Art. 142. As Forças Armadas, constituídas pela Marinha, pelo Exército e pela Aeronáutica, são instituições nacionais permanentes e regulares, organizadas com base na hierarquia e na disciplina, sob a autoridade suprema do Presidente da República, e destinam-se à defesa da Pátria, à garantia dos poderes constitucionais e, por iniciativa de qualquer destes, da lei e da ordem.
1º Lei complementar estabelecerá as normas gerais a serem adotadas na organização, no preparo e no emprego das Forças Armadas.
§ 2º Não caberá habeas corpus em relação a punições disciplinares militares.
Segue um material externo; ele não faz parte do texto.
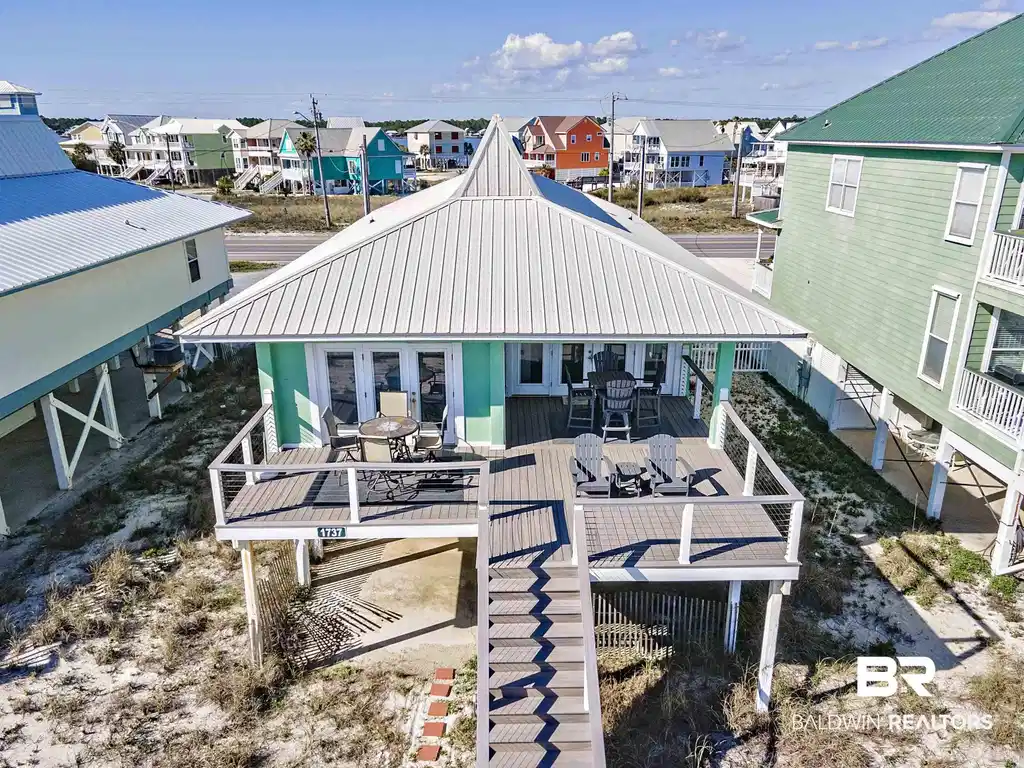 Image 1: Back of property with a deck, a metal roof, outdoor dining space, and a residential view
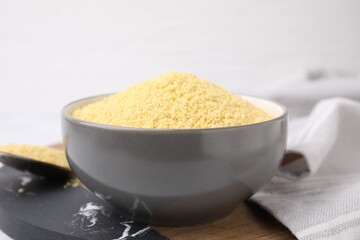 Raw couscous in bowl on table, closeup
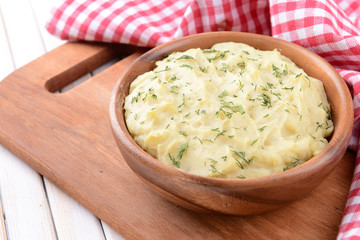 Delicious mashed potatoes with greens in bowl on table close-up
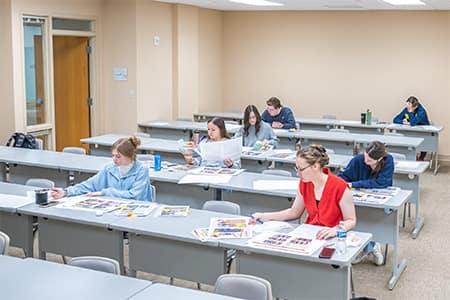 Students review the full layout of the Summit yearbook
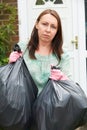 Woman Taking Out Garbage In Bags Royalty Free Stock Photo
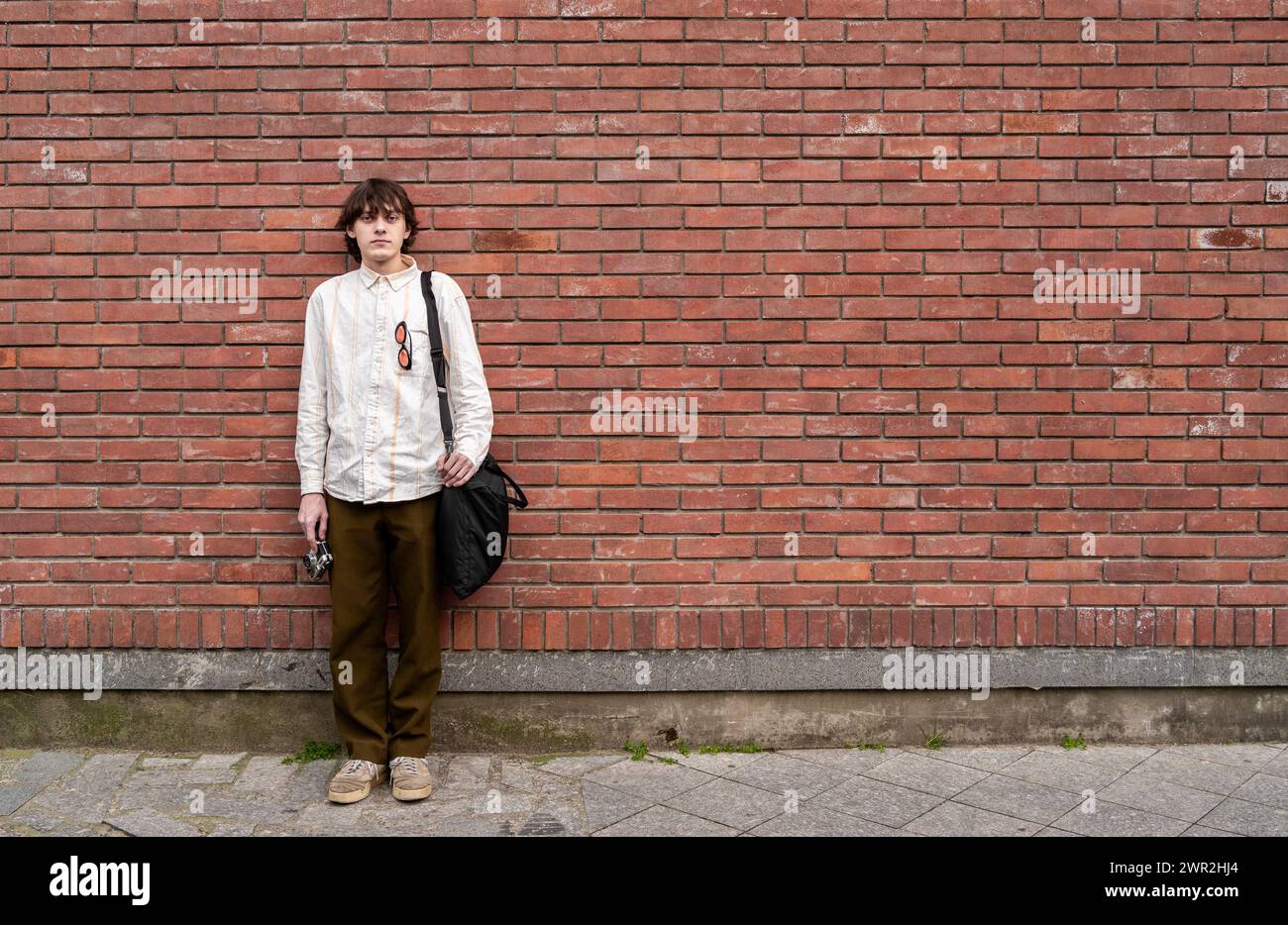 Young man photographer stands with vintage camera against red brick wall, copy space for text. Stock Photo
3º Os membros das Forças Armadas são denominados militares, aplicando-se-lhes, além das que vierem a ser fixadas em lei, as seguintes disposições:
I - as patentes, com prerrogativas, direitos e deveres a elas inerentes, são conferidas pelo Presidente da República e asseguradas em plenitude aos oficiais da ativa, da reserva ou reformados, sendo-lhes privativos os títulos e postos militares e, juntamente com os demais membros, o uso dos uniformes das Forças Armadas;
II - o militar em atividade que tomar posse em cargo ou emprego público civil permanente, ressalvada a hipótese prevista no art. 37, inciso XVI, alínea "c", será transferido para a reserva, nos termos da lei;
III - o militar da ativa que, de acordo com a lei, tomar posse em cargo, emprego ou função pública civil temporária, não eletiva, ainda que da administração indireta, ressalvada a hipótese prevista no art. 37, inciso XVI, alínea "c", ficará agregado ao respectivo quadro e somente poderá, enquanto permanecer nessa situação, ser promovido por antiguidade, contando-se-lhe o tempo de serviço apenas para aquela promoção e transferência para a reserva, sendo depois de dois anos de afastamento, contínuos ou não, transferido para a reserva, nos termos da lei;
IV - ao militar são proibidas a sindicalização e a greve;
V - o militar, enquanto em serviço ativo, não pode estar filiado a partidos políticos;
VI - o oficial só perderá o posto e a patente se for julgado indigno do oficialato ou com ele incompatível, por decisão de tribunal militar de caráter permanente, em tempo de paz, ou de tribunal especial, em tempo de guerra;
VII - o oficial condenado na justiça comum ou militar a pena privativa de liberdade superior a dois anos, por sentença transitada em julgado, será submetido ao julgamento previsto no inciso anterior;
VIII - aplica-se aos militares o disposto no art. 7º, incisos VIII, XII, XVII, XVIII, XIX e XXV, e no art. 37, incisos XI, XIII, XIV e XV, bem como, na forma da lei e com prevalência da atividade militar, no art. 37, inciso XVI, alínea "c";
X - a lei disporá sobre o ingresso nas Forças Armadas, os limites de idade, a estabilidade e outras condições de transferência do militar para a inatividade, os direitos, os deveres, a remuneração, as prerrogativas e outras situações especiais dos militares, consideradas as peculiaridades de suas atividades, inclusive aquelas cumpridas por força de compromissos internacionais e de guerra.